### WORK REQUEST
Output the data below exactly, images excluded.

### INFORMATION PROVIDED
────────────────
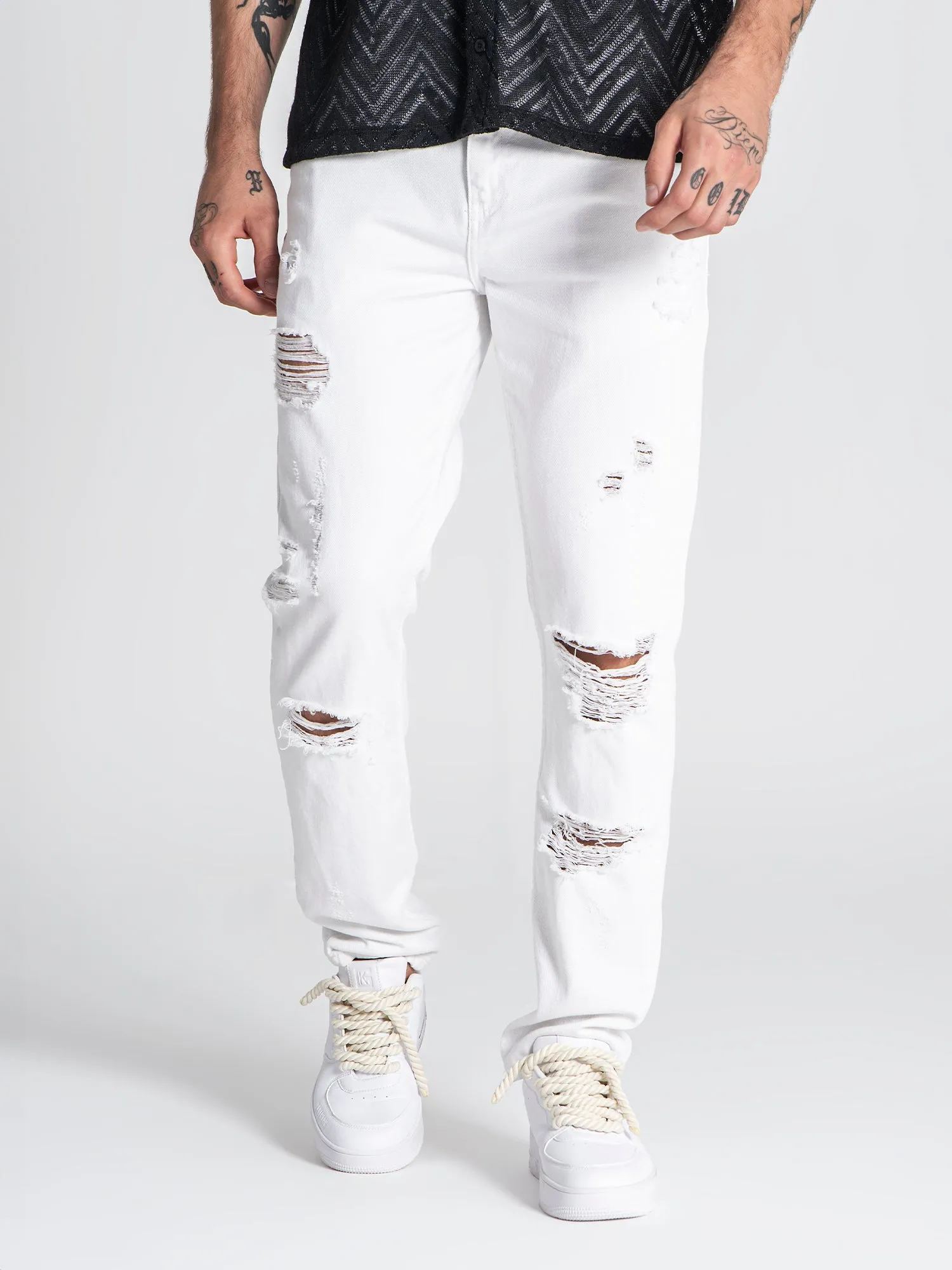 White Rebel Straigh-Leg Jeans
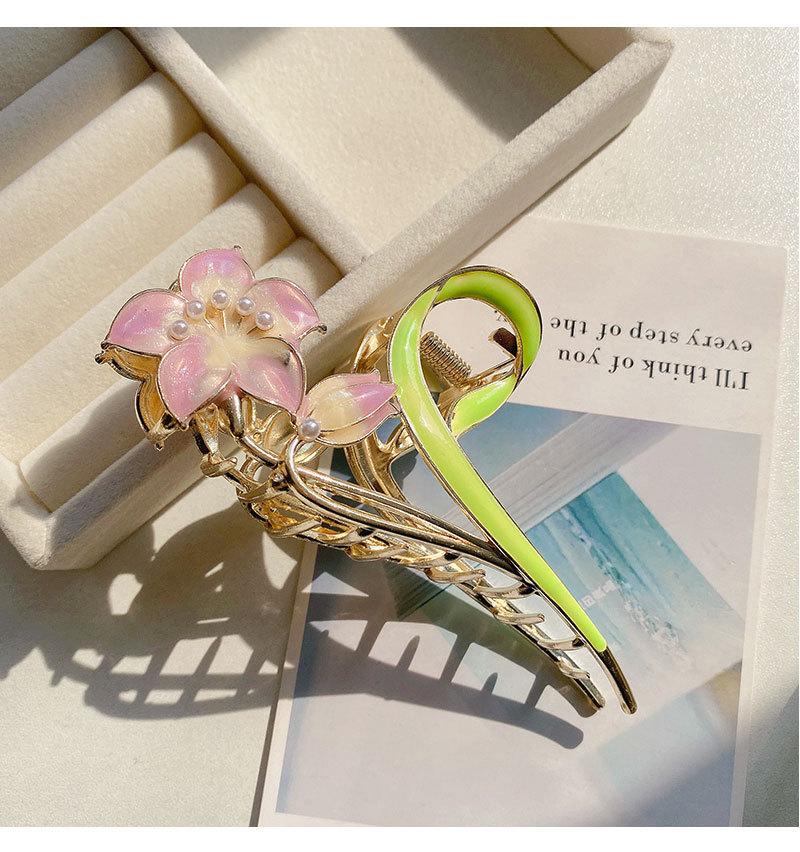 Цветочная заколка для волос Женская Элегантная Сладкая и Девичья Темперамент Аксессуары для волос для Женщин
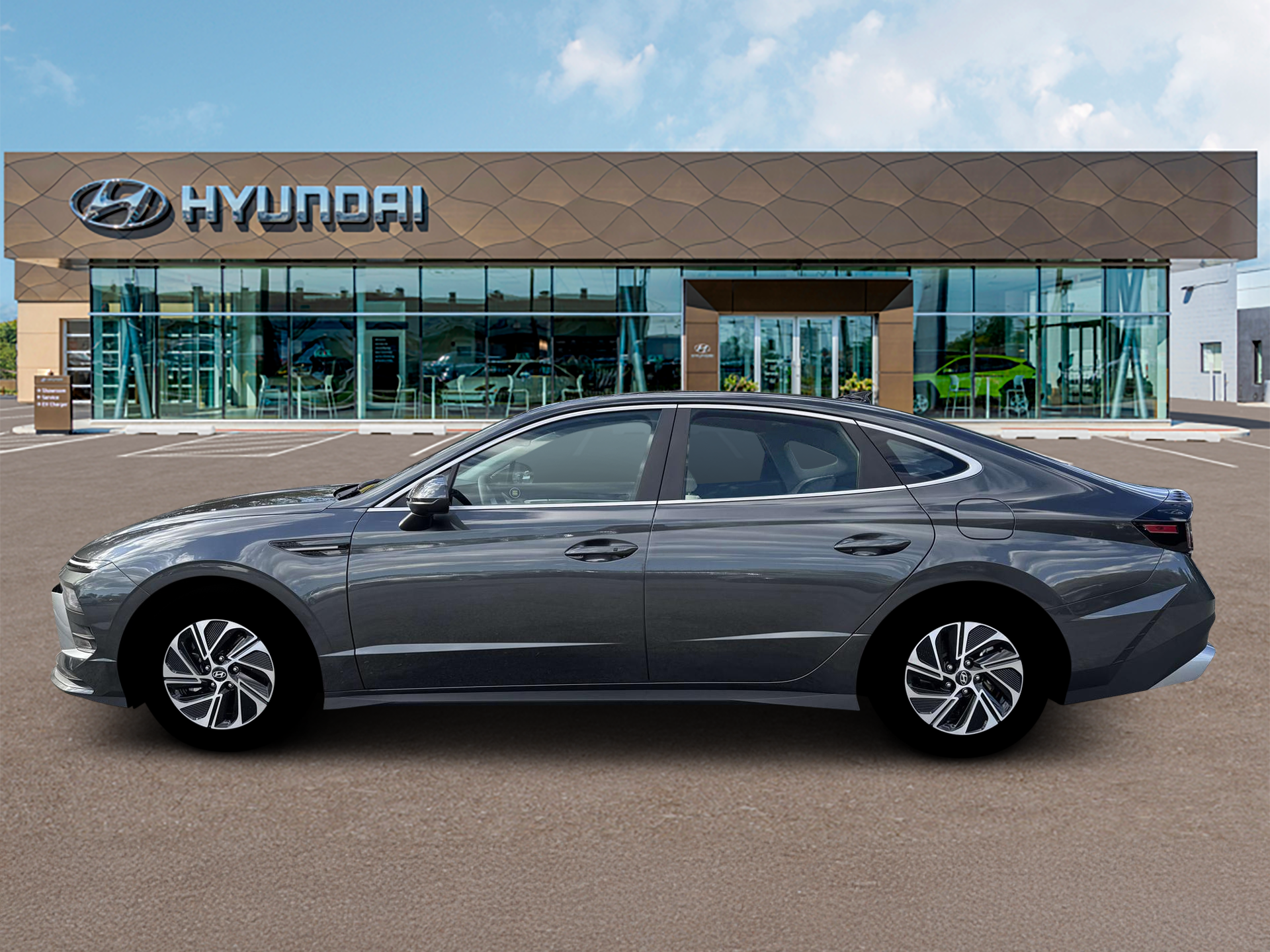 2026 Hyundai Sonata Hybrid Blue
────────────────
### WORKED SOLUTION
 White Rebel Straigh-Leg Jeans
 Цветочная заколка для волос Женская Элегантная Сладкая и Девичья Темперамент Аксессуары для волос для Женщин
 2026 Hyundai Sonata Hybrid Blue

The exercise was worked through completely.